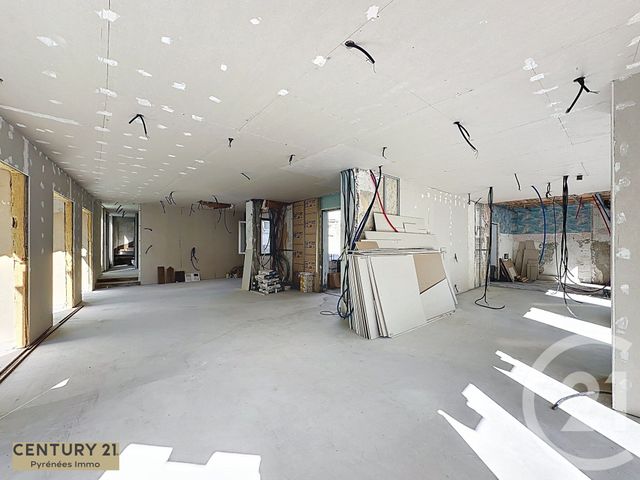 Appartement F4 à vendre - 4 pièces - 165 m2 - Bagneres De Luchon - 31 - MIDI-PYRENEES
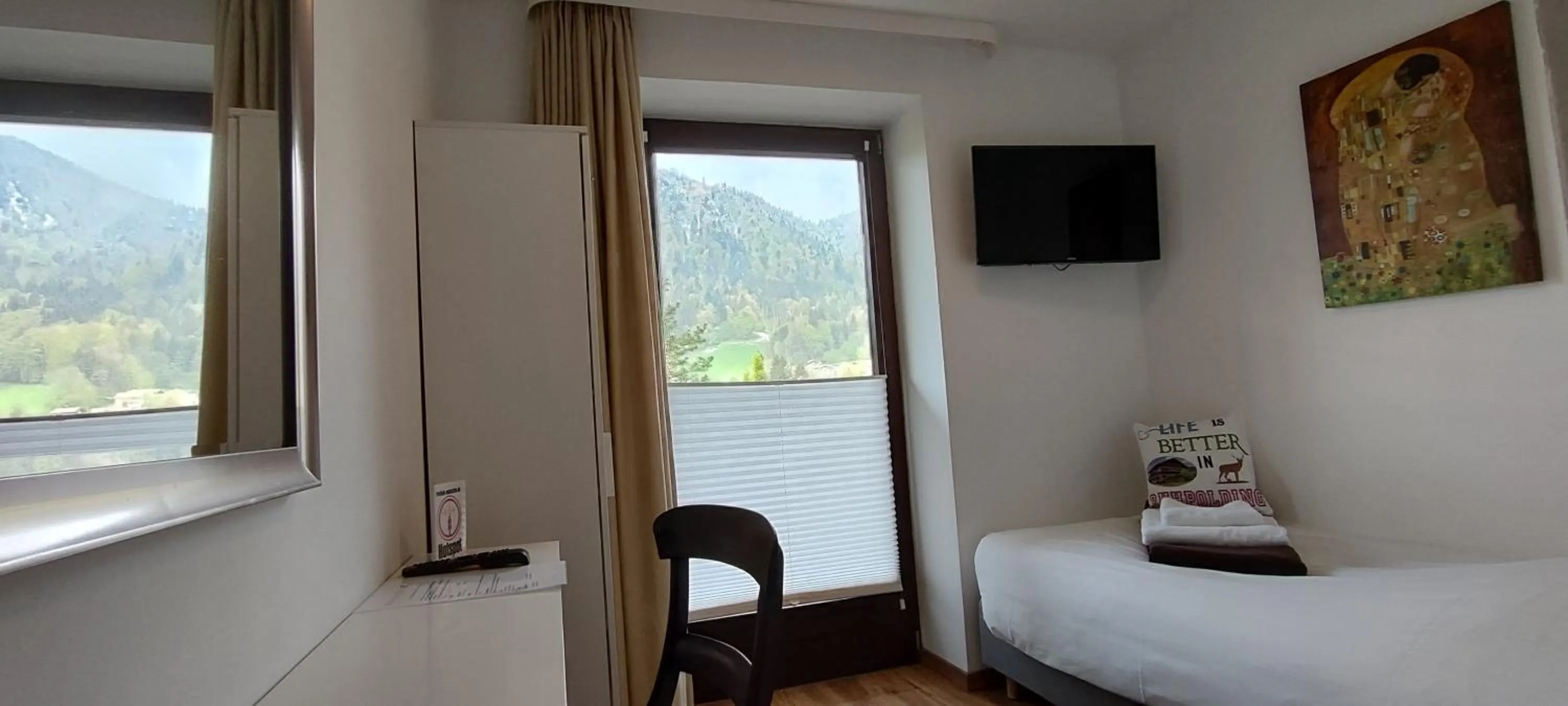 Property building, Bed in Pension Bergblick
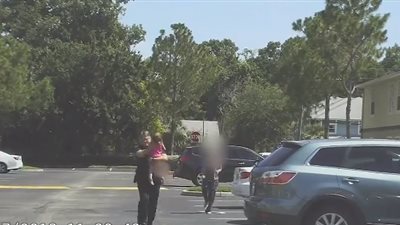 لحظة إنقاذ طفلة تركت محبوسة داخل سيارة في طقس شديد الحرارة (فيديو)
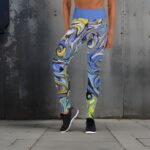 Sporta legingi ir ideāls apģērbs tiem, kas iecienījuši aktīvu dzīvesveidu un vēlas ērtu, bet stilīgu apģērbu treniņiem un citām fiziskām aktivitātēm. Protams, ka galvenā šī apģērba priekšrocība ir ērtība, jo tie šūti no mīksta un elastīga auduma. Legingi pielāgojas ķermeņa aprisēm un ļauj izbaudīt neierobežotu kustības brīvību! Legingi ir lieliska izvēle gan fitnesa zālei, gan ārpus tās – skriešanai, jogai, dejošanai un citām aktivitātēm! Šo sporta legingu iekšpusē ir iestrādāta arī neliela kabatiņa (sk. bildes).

******

Task item. Could the data above be reproduced exactly, with the pictures left out?

Your solution.
 Appartement F4 à vendre - 4 pièces - 165 m2 - Bagneres De Luchon - 31 - MIDI-PYRENEES
 Property building, Bed in Pension Bergblick
 لحظة إنقاذ طفلة تركت محبوسة داخل سيارة في طقس شديد الحرارة (فيديو)
 Sporta legingi ir ideāls apģērbs tiem, kas iecienījuši aktīvu dzīvesveidu un vēlas ērtu, bet stilīgu apģērbu treniņiem un citām fiziskām aktivitātēm. Protams, ka galvenā šī apģērba priekšrocība ir ērtība, jo tie šūti no mīksta un elastīga auduma. Legingi pielāgojas ķermeņa aprisēm un ļauj izbaudīt neierobežotu kustības brīvību! Legingi ir lieliska izvēle gan fitnesa zālei, gan ārpus tās – skriešanai, jogai, dejošanai un citām aktivitātēm! Šo sporta legingu iekšpusē ir iestrādāta arī neliela kabatiņa (sk. bildes).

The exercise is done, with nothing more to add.